An idea is to combine the best of the two fuels: burning methanol in a hydrogen-rich air. This combats the poor calorific value of methanol and will also provide a transitory option to a purely hydrogen based automotive. Because of the inherent difficulty in storing hydrogen, an in-situ generation of hydrogen is opted for. This means that the prototype runs on M50 and water. The challenges in the development of a hydrogen-generator unit demanded the study of electrolysis of water in detail. This led to the exploration of the characterization of electrolysis process.

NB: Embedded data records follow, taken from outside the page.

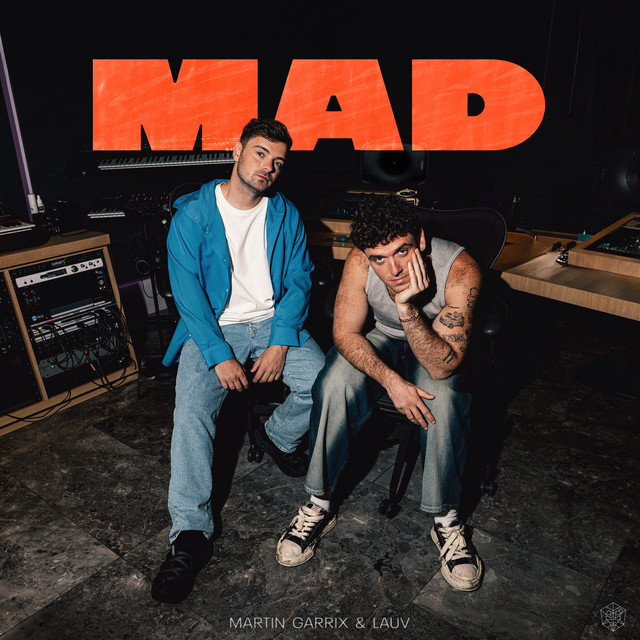  Martin Garrix & Lauv - MAD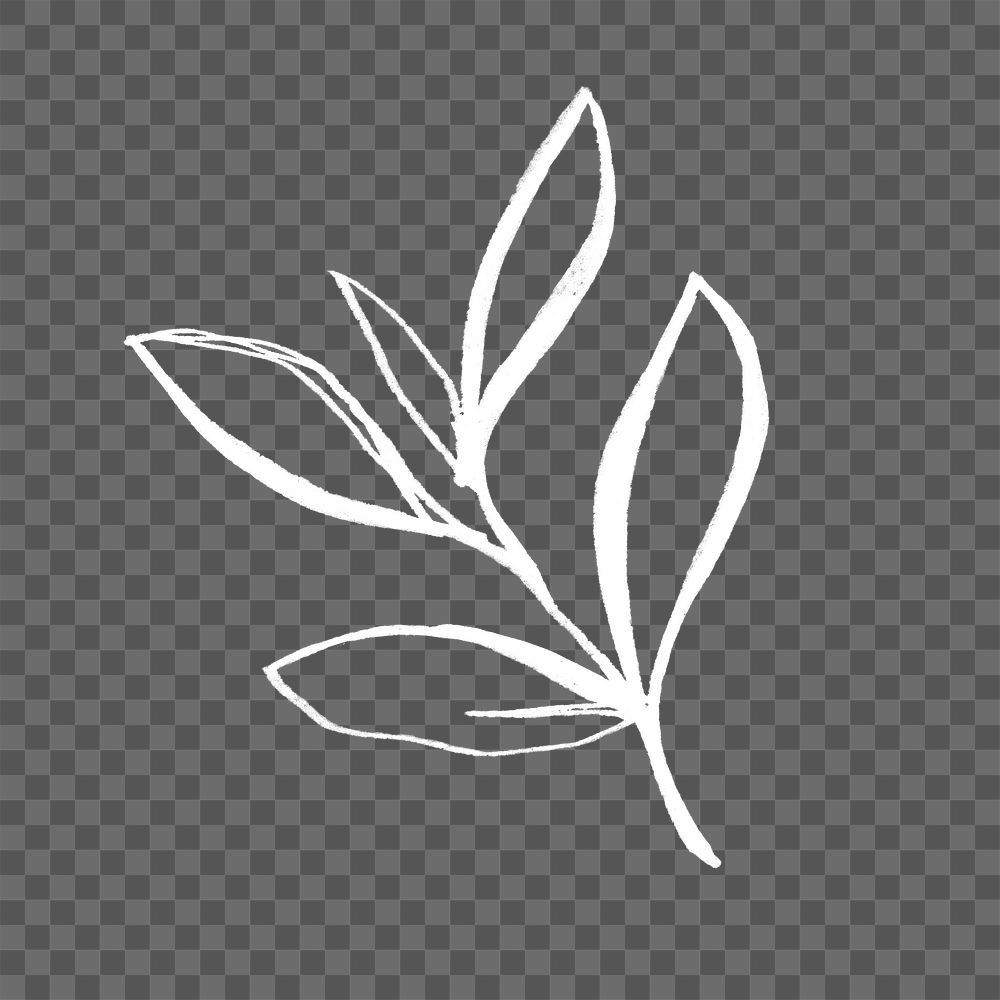 Leaf doodle png sticker, minimal  transparent background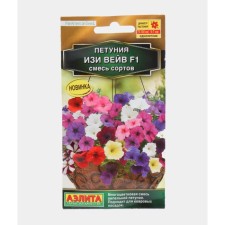 Petunia seeds 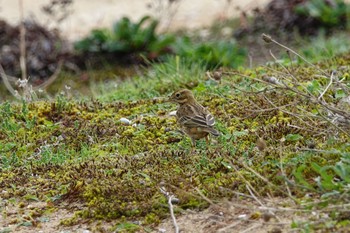 Meadow Pipit La Rochelle Fri, 10/25/2019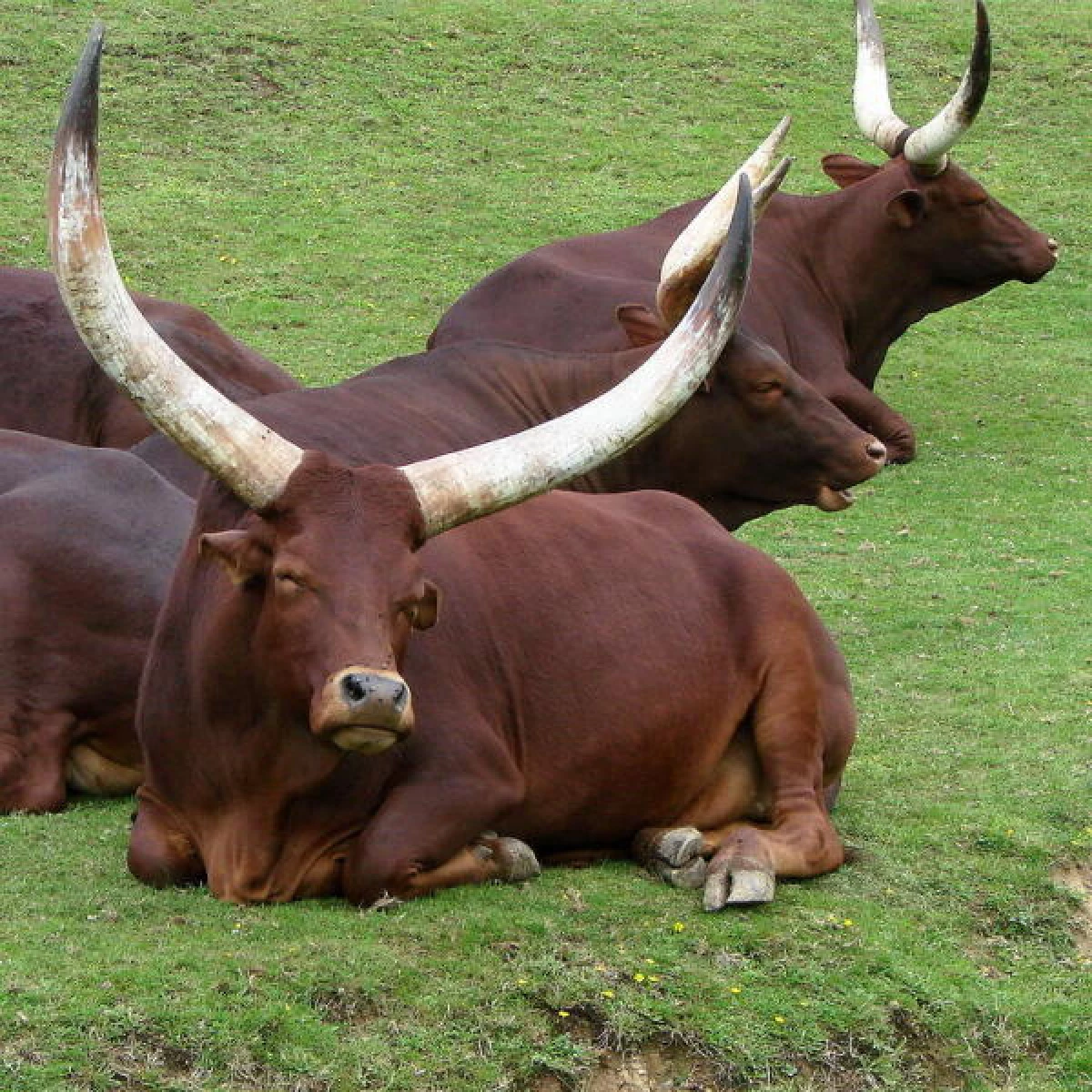 Hour Bull-9. Com viuen els toros salvatges dels tròpics? 10664_3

The project aims to implement the electronic control unit of an automotive that uses an alternate fuel that is, a mixture of petrol and methanol as the fuel and a mixture of air and hydrogen instead of air for combustion. Hydrogen is a fuel with a very high calorific value. This compensates the relatively low calorific value of methanol. The development of an automotive that uses a fuel of the aforesaid form requires the development of a hydrogen generation and control unit in addition to the conventional ECU in existing vehicles. Hydrogen generation is achieved by the process of electrolysis of aqueous KOH solution. Hydrogen evolves at the cathode. Designing a control circuitry to regulate hydrogen evolution requires the characterization of an electrolytic cell and developing an electrical model for it.
Stages of Implementation
The project hence involves characterizing a hydrogen generation cell, implementing a control circuit and also developing the ignition and injection control units of the automobile.